▶ Directions:
Give back the full listing exactly, setting the pictures aside.

[[ Task data, beginning ]]

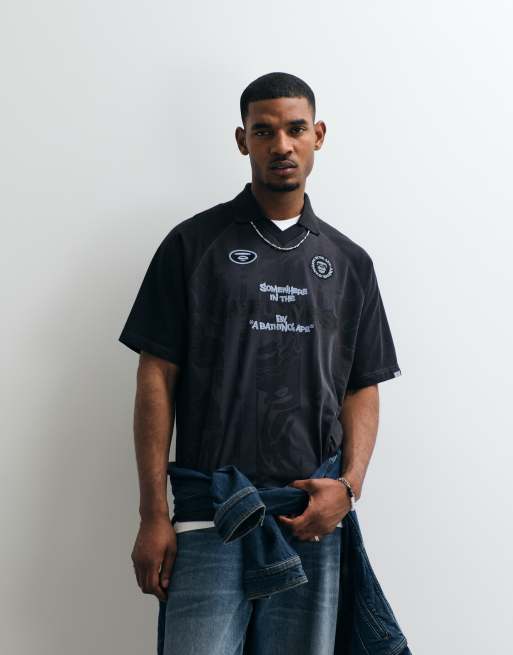 Aape by A Bathing Ape - Maglia sportiva nera slavata con logo, 5 di 5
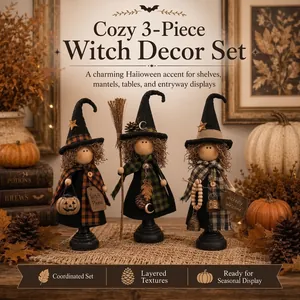 Vintage primitive witch trio figurines for Halloween indoor table decor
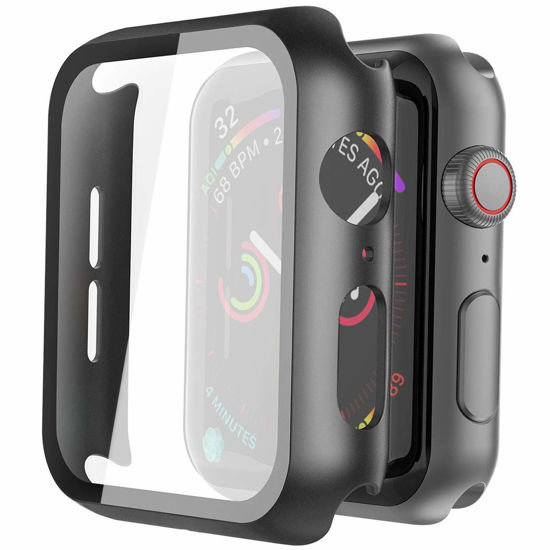 Picture of Misxi 2 Pack Hard PC Case with Tempered Glass Screen Protector Compatible with Apple Watch Series 6 SE Series 5 Series 4 44mm, Black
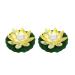 Yeehliny floating lotus lights LED waterproof solar water lily floating solar lights Lotus flower night lamp Lotus blossom Lotus leaf pond light for Pool pond garden decoration (28cm-2pc-green)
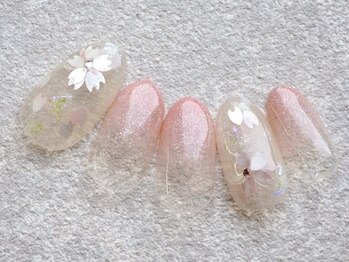 桜シアーグラデネイル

[[ Task data, end ]]

▶ Task solution:
 Aape by A Bathing Ape - Maglia sportiva nera slavata con logo, 5 di 5
 Vintage primitive witch trio figurines for Halloween indoor table decor
 Picture of Misxi 2 Pack Hard PC Case with Tempered Glass Screen Protector Compatible with Apple Watch Series 6 SE Series 5 Series 4 44mm, Black
 Yeehliny floating lotus lights LED waterproof solar water lily floating solar lights Lotus flower night lamp Lotus blossom Lotus leaf pond light for Pool pond garden decoration (28cm-2pc-green)
 桜シアーグラデネイル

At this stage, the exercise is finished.